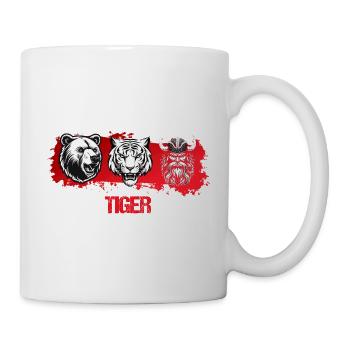 Bärtiger Vater Bär Tiger Vatertag Bär Tiger Mann - Tasse - Weiß - Rechts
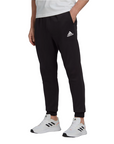 Adidas pantalone sportivo con polsino in cotone felpato da uomo HL2236 nero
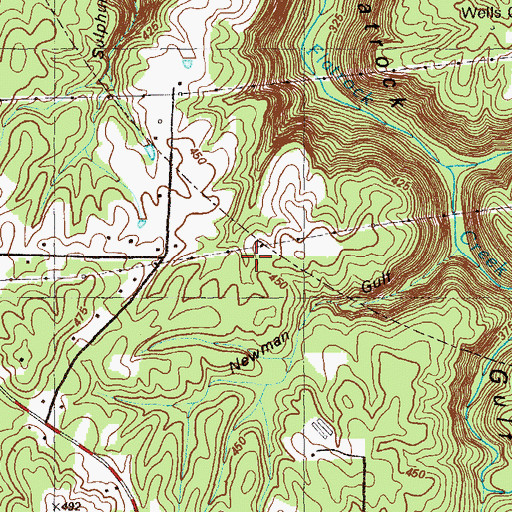 Topographic Map of Sand Mountain Division, GA
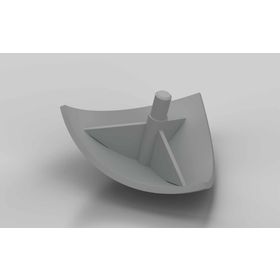 Abdeckkappe Eckform für Eckwinkel 30, grau RAL 7004, Nut 6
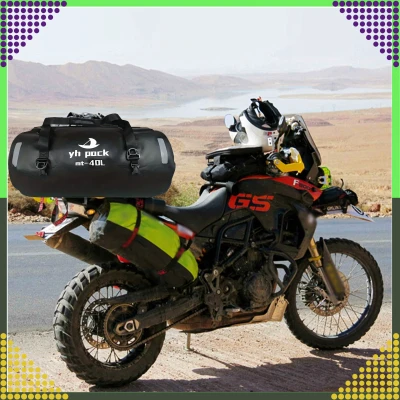RealG RC-K-1426 Vodotesná motocyklová taška 40 l, čierna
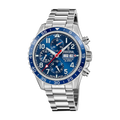 Festina Swiss Made 45mm Aviator North Chrono Blue Dial Men's Watch F20055/3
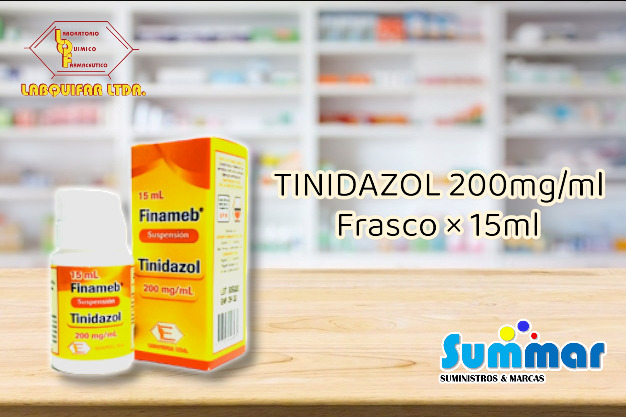 Finameb 200mg/ml Frasxo x 15ml (Tinidazol) LABQUIFAR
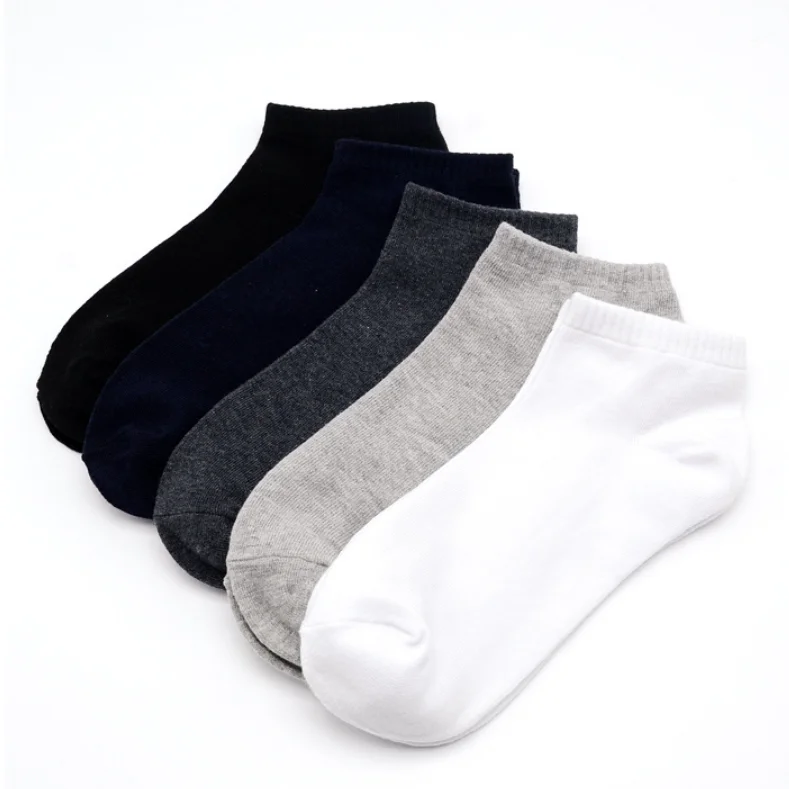 Factory Price Large Size Cotton Men Socks Ankle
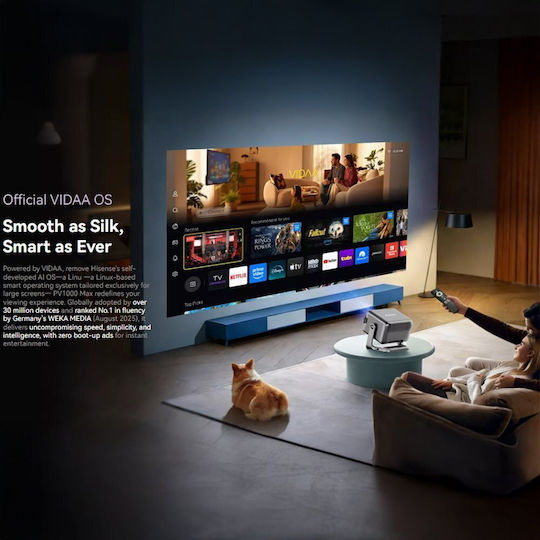 BlackView PV1000 Max Mini Projector LCD Full HD with Wi-Fi and Built-in Speakers PV1000MAX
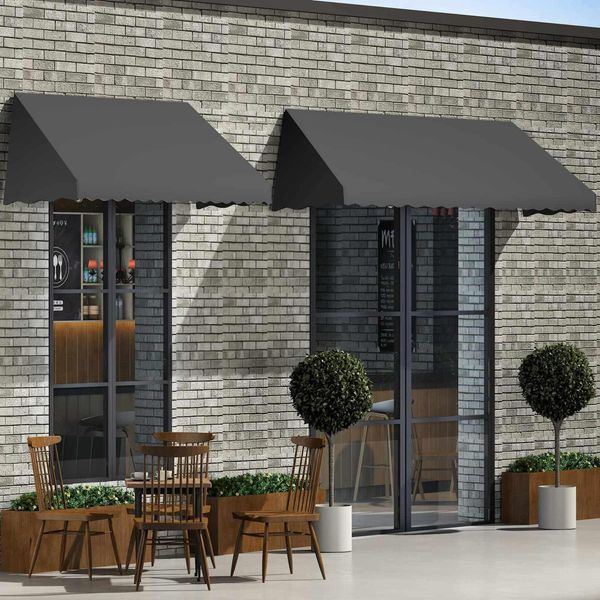 Maison Exclusive - Tenda Da Sole Grigia 300 Cm Tessuto-image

### Exercise instructions
Everything from the line containing "Factory Price Large" to the last line of the listing above must be reproduced exactly, with no pictures included.

### Exercise solution
 Factory Price Large Size Cotton Men Socks Ankle
 BlackView PV1000 Max Mini Projector LCD Full HD with Wi-Fi and Built-in Speakers PV1000MAX
 Maison Exclusive - Tenda Da Sole Grigia 300 Cm Tessuto-image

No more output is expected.